Hello,
I am looking for best possible to way to create an index where fields will have content in multiple languages.
Some part of this actually is copied from the documentation and I have already tested it, which answers to my needs such as ordering by name in aggregations, searching with space.

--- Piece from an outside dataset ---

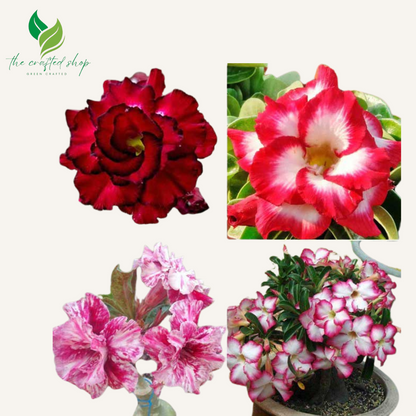 Tropical Desert Rose Plants – Adenium Obesum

However, I am not truly sure that whether this is heavy structure.
Any opinions?
Thanks
PUT /my_index
{
"settings": {
"number_of_shards": 1,
"number_of_replicas": 0,
"analysis": {
"filter": {
"arabic_stop": {
"type": "stop",
"stopwords": "_arabic_"
},
"arabic_keywords": {
"type": "keyword_marker",
"keywords": [
"مثال"
]
},
"arabic_stemmer": {
"type": "stemmer",
"language": "arabic"
},
"english_stop": {
"type": "stop",
"stopwords": "_english_"
},
"english_keywords": {
"type": "keyword_marker",
"keywords": [
"example"
]
},
"english_stemmer": {
"type": "stemmer",
"language": "english"
},
"english_possessive_stemmer": {
"type": "stemmer",
"language": "possessive_english"
}
},
"analyzer": {
"rebuilt_arabic": {
"tokenizer": "standard",
"filter": [
"lowercase",
"decimal_digit",
"arabic_stop",
"arabic_normalization",
"arabic_keywords",
"arabic_stemmer"
]
},
"rebuilt_english": {
"tokenizer": "standard",
"filter": [
"english_possessive_stemmer",
"lowercase",
"english_stop",
"english_keywords",
"english_stemmer"
]
}
}
}
},
"mappings": {
"blog": {
"properties": {
"name": {
"type": "text",
"analyzer": "english",
"fields": {
"english": {
"type": "text",
"analyzer": "rebuilt_english"
},
"raw": {
"type": "keyword",
"normalizer": "custom_normalizer"
}
}
},
"name_localized": {
"properties": {
"ar": {
"type": "text",
"fields": {
"english": {
"type": "text",
"analyzer": "rebuilt_arabic"
}
}
},
"en": {
"type": "text",
"fields": {
"english": {
"type": "text",
"analyzer": "rebuilt_english"
}
}
}
}
}
}
}
}
}